I mostly turn aluminum (6061) and plastic (Delrin and some UHMW) with occasional items of 12L14 or 1144 steels. I often need short but accurate internal bores for bearings and long bores for housings and such. Also, internal threads.
That's quite a wide range of applications...... Cutting aluminium and plastic is not difficult and I can definitely see the advantages of using proper inserts that don't suffer from edge buildup.
But I think mystery steel is what gets most of us all tied up in knots. It certainly is my nemesis.
For my projects, polished positive rake inserts such a DCGT and CCGT work well.
What do you mean by polished?
I've had excellent results from the cheap eBay Chinese inserts labled as "Iscar" but almost certainly not. Prices have recently greatly increased but most of my inventory (probably sufficient for my lifetime) was purchased for less than $20/box of 10 and each insert has 4 edges so $0.50 per edge. Prices on eBay are now double or so ($1/edge). I don't think that it is reasonable to save a dollar by using HSS but then to waste 15 minutes sharpening plus having to reset tool height; your mileage may vary!

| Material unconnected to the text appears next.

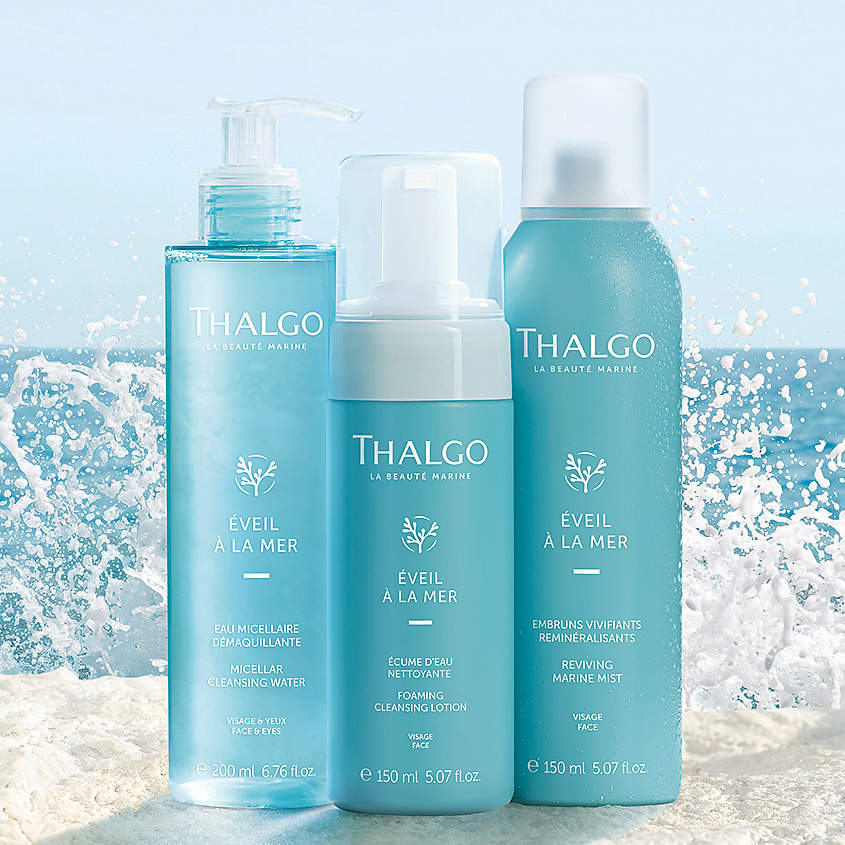 THALGO Очищающий мицеллярный лосьон для лица Eveil A La Mer Micellar Cleansing Water – фото 3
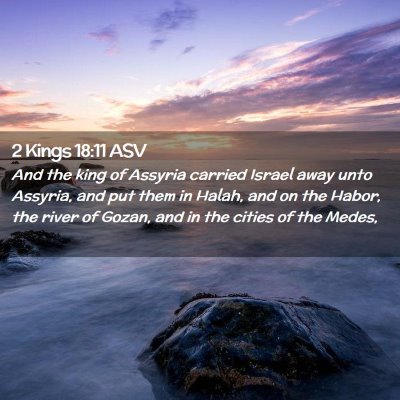Picture 02 - 2 Kings 18:11 ASV - And the king of Assyria carried Israel away unto - Bible Verse Picture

I often find this number of edges thing to be a false promise. Often the edge breaks or wears in a way that the other edges can't be used. I know I'm hard on inserts because of my mystery metal work and the frequency of interrupted cuts to clean up stock. Resetting tool height is a zero problem with a good standard. It's easy to justify using inserts on the basis of the ease of work continuation after a failure alone, and price per edge does come down fast. My favorite Trigons have 6 usable edges, but if only they really had 6 usable edges.
If you cannot tell, I have learned to use inserts, I do use inserts, and I like using inserts. I just don't recommend them as a starting point for a new machinist, and I also think this whole debate of cost is a red herring PROVIDED what you have works for what you are doing. If it doesn't work the whole cost discussion is meaningless.
It's getting there that gets you out of range cost wise. Tooling up for carbide inserts is NOT a trivial expense despite the logic that says otherwise! All these sizes, tool holders, edges, designs, point radius, coatings, anvil or shim, material targets (steel, CI, Al, hard steel, etc etc quickly add up. Multiply by the intent (RH turning, LH turning, tight corners, facing, chamfering, grooving). Plus you normally have to buy 10 of each for each. Worse, when it doesn't work, a newbie has no idea why. Getting help is NOT trivial.
As I said, I am getting there myself. But it wasn't an easy trip and I'm still not fully there yet. As I write this, I'm still mud wrestling with insert threading. It's sooooo confusing. I've been single point threading with HSS for 40 years. I'm darn good at it. I can only begin to imagine what it would have been like if I had started with Carbide Inserts.
For boring I use Chinese solid carbide boring bars with CCGT inserts. The carbide boring bars are more rigid than steel ones and that is essential for a 1/2-inch bore 3 inches long. I'm uncertain how one would substitute HSS.
Most of my boring bars are steel with inserts too.
But I'm not above using solid carbide, or steel bars with small 1/4 or 1/8 HSS Bits.
I'm also not above drilling and reaming.
But my goto is steel with inserts.
Things get more and more interesting as the hole diameter gets smaller and the depth gets deeper.
IMHO, boring small deep holes is NOT beginner territory. Better to drill and ream if you can. If you can't, ANUSOL helps.
I agree that a bump knurler is not really suitable for a light lathe such as a Myford. Hemingway Kits have a rather nice scissor type that is specifically Myford sized.
Right on.
Or maybe a cut knurler would be a good project.
A cut knurler is on my ToDo list. Not sure making one is a good newbie project though. I don't know how well they work on smaller lathes. @Mcgyver @gerritv?